Quand on est petit et qu'on veut devenir policier, c'est souvent pour "arrêter les méchants" . Combien de temps la police de cet état acceptera t'elle de mobiliser son énergie et son temps pour la chasse aux enfants, aux jeunes, aux familles sans-papiers, les privant ainsi de tout avenir ? Sont-ils entrés dans la police pour cela ?
Combien de temps les contribuables accepteront-ils que leurs impôts servent à les rémunérer et à payer les billets d'avion des expulsés ?
(un vol pour la Turquie, c'est 1000 euros)
Et maintenant, que faire ?
La famille d'Ibrahim et son avocate vont continuer à se battre pour obtenir le retour du jeune homme.

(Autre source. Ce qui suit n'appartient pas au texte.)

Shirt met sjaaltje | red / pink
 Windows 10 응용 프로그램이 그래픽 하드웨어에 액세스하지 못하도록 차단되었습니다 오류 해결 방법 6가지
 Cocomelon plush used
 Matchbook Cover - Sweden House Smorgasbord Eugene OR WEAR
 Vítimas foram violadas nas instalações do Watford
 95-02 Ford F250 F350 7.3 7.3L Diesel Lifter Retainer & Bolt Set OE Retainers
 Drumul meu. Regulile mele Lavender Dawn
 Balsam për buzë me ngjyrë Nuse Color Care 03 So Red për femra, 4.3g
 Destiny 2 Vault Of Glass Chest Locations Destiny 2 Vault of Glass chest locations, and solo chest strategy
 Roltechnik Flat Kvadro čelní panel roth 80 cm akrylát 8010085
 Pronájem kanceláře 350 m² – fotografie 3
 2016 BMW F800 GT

Ils trouveront à leurs côtés les lycéens, parents d'élèves, enseignants, les militants RESF, et bien d'autres, militants politiques, syndicaux, associatifs ...simples citoyens révoltés...
Les conditions de l'expulsion malgré la solidité de la demande du statut de réfugié politique sont telles que différents recours juridiques sont possibles, notamment auprès de la commission consultative des droits de l'homme.
Et surtout, la mobilisation citoyenne peut faire revenir Ibrahim, comme elle a fait revenir Suzylène, lycéenne expulsée vers le Cap Vert revenue après 6 mois d'exil l'année dernière.